• Given information
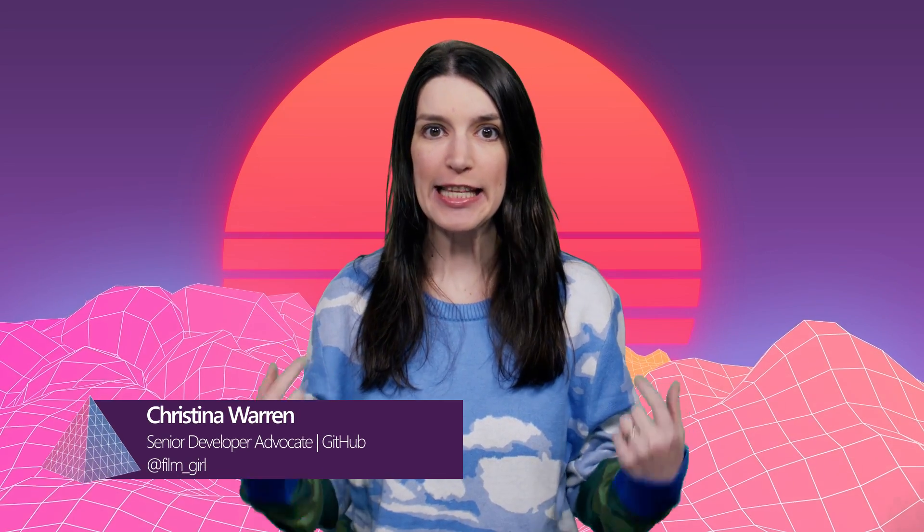Welcome back to another episode of The Download. I'm your host Christina Warren, Senior Developer Advocate at GitHub. And this is the show where we cover the latest developer news and open source projects. Please like and subscribe.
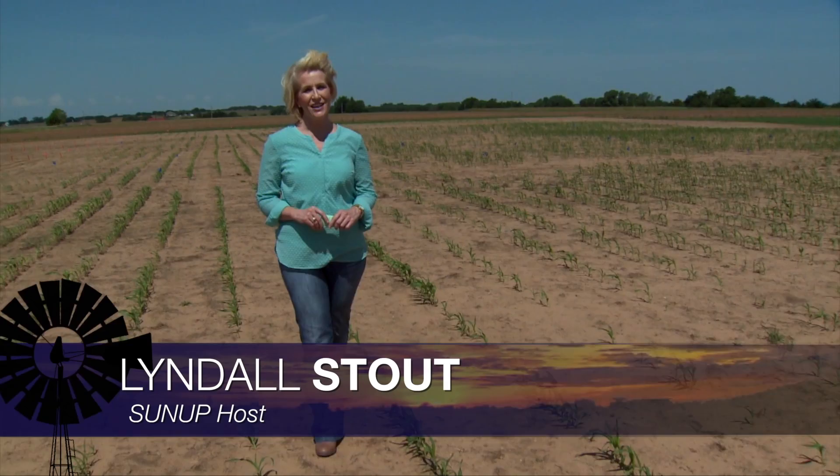Hello everyone and welcome to SUNUP. I'm Lyndall Stout. Oklahoma producers are busy harvesting their wheat and canola crops and are also thinking about the progress of their summer crops. Here to talk about it is Josh Lofton, our Extension Cropping System Specialist.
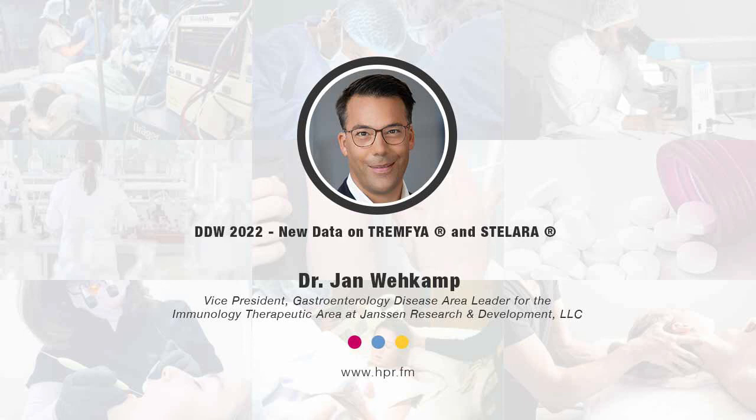Thank you very much for having me. You've been listening to Health Professional Radio. I'm your host, Neil Howard. Audio copies of this program are available at hpr.fm and healthprofessionalradio.com.au. You can also subscribe to the podcast on iTunes, listen and download at SoundCloud, and be sure to subscribe to our YouTube channel at youtube.com/healthprofessionalradio. Thank you so much for joining us, and we'll see you next time.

• Problem
Excluding all images, transcribe the material word for word.

• Answer for the task
Welcome back to another episode of The Download. I'm your host Christina Warren, Senior Developer Advocate at GitHub. And this is the show where we cover the latest developer news and open source projects. Please like and subscribe.
Hello everyone and welcome to SUNUP. I'm Lyndall Stout. Oklahoma producers are busy harvesting their wheat and canola crops and are also thinking about the progress of their summer crops. Here to talk about it is Josh Lofton, our Extension Cropping System Specialist.
Thank you very much for having me. You've been listening to Health Professional Radio. I'm your host, Neil Howard. Audio copies of this program are available at hpr.fm and healthprofessionalradio.com.au. You can also subscribe to the podcast on iTunes, listen and download at SoundCloud, and be sure to subscribe to our YouTube channel at youtube.com/healthprofessionalradio. Thank you so much for joining us, and we'll see you next time.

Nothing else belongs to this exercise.